**EXERCISE AIM**
Would you print, word for word, only the lines running from the line with "Makita DEAML106 akkus" to the last line of the entries, without the pictures?

**EXERCISE DATA**
□ □ □ □ □

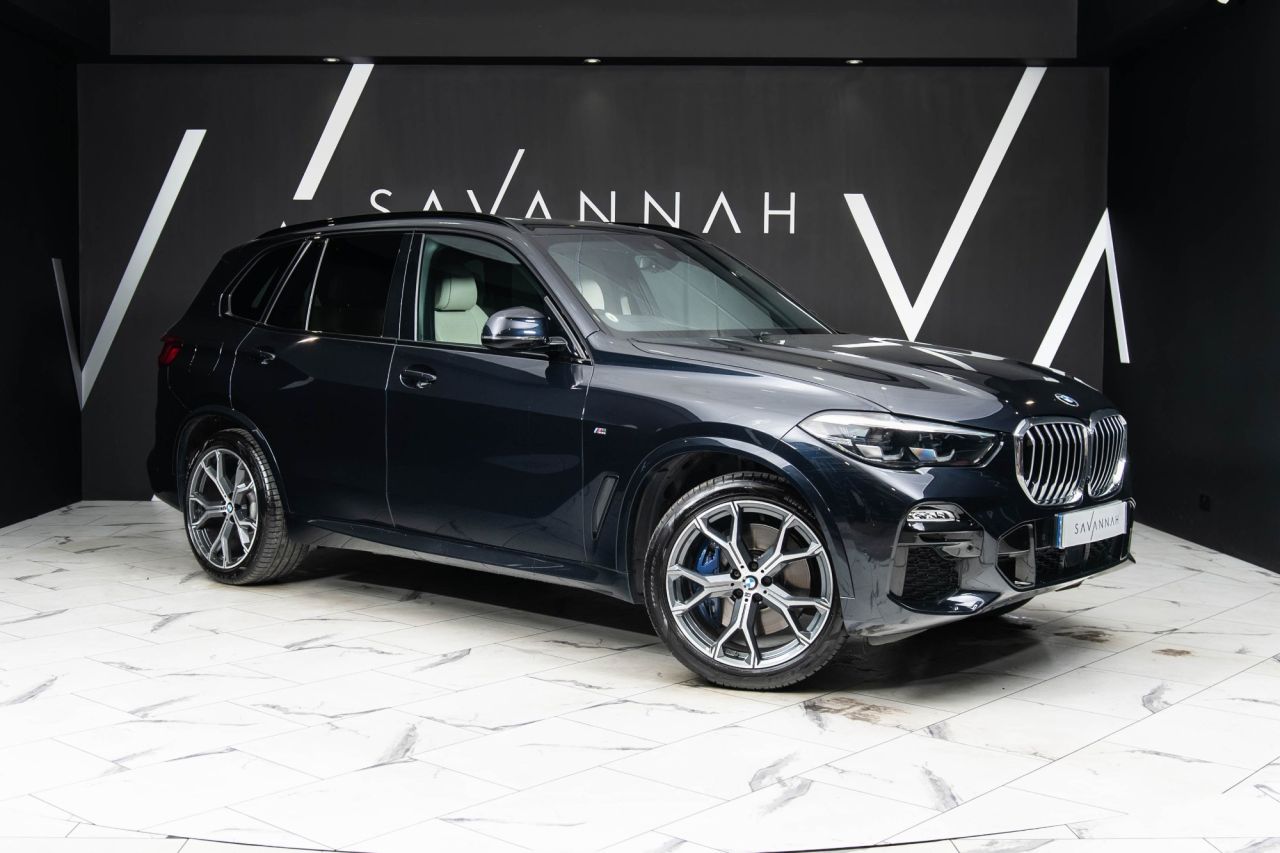 2019 BMW X5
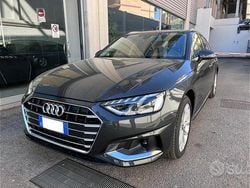 Grigio Usata 2024 Audi A4 Ambiente Station wagon | 38.500 € (Buon prezzo)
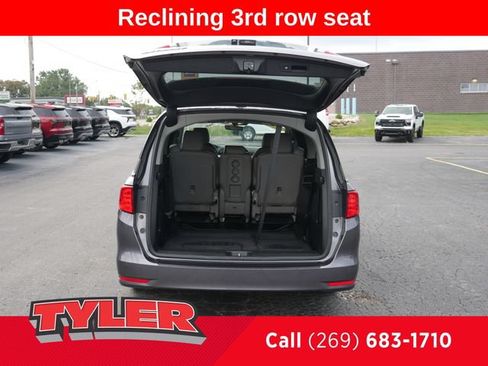 Used 2018 Honda Odyssey EX-L image 15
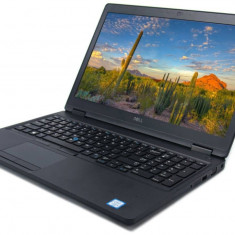 Laptop DELL, LATITUDE 5590, Intel Core i5-7300U, 2.60 GHz, HDD: 128 GB SSD, RAM: 8 GB, video: Intel HD Graphics 620, webcam, 15.6&quot; LCD (FHD), 19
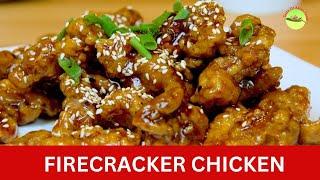 How to Make Firecracker Chicken That’s Crispier Than Takeout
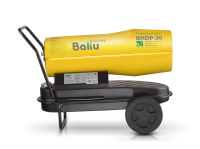 Дизельная тепловая пушка прямого нагрева Ballu BHDP-30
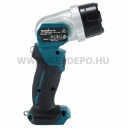 Makita DEAML106 akkus LED lámpa 10,8V-12V Max CXT Li-ion 190 lumen
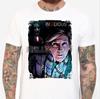 Insidious - Maglietta Bianca! orrore. Lin Shaye. Tutte le taglie per uomo e donna. XS, S, M, L, XL, XXL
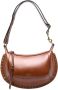 ISABEL MARANT Oskan Moon schoudertas Bruin - Thumbnail 1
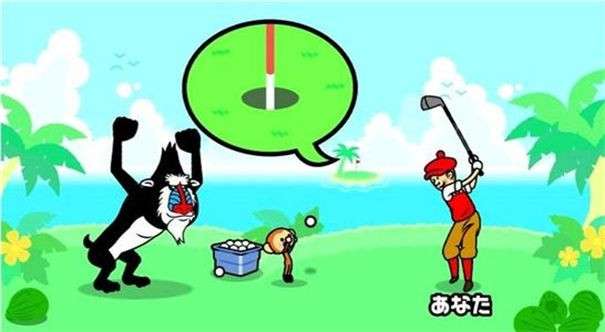 节奏天国wii手机版图5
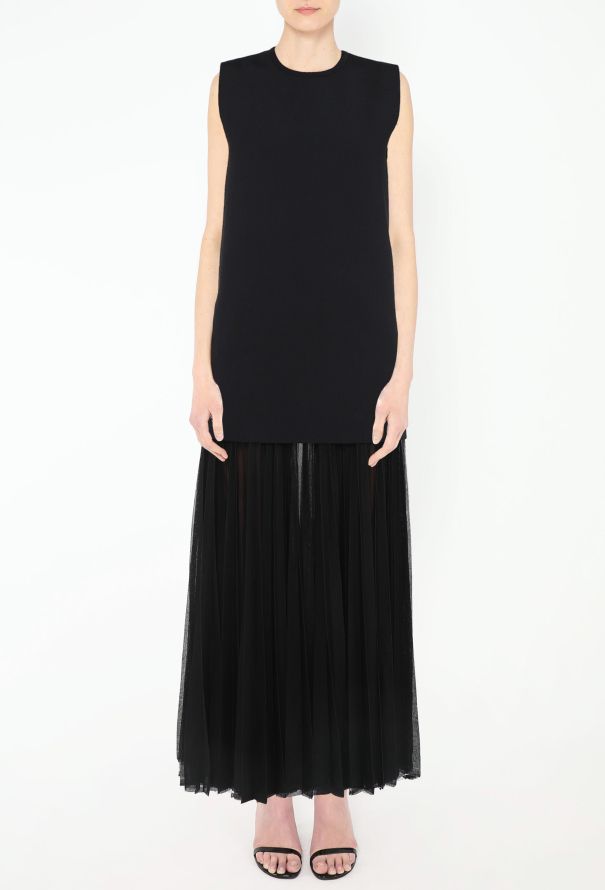 Jil Sander Resort 2024 Drop-Waist Maxi Dress - 2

□ □ □ □ □

**TASK SOLUTION**
 Makita DEAML106 akkus LED lámpa 10,8V-12V Max CXT Li-ion 190 lumen
 Insidious - Maglietta Bianca! orrore. Lin Shaye. Tutte le taglie per uomo e donna. XS, S, M, L, XL, XXL
 ISABEL MARANT Oskan Moon schoudertas Bruin - Thumbnail 1
 节奏天国wii手机版图5
 Jil Sander Resort 2024 Drop-Waist Maxi Dress - 2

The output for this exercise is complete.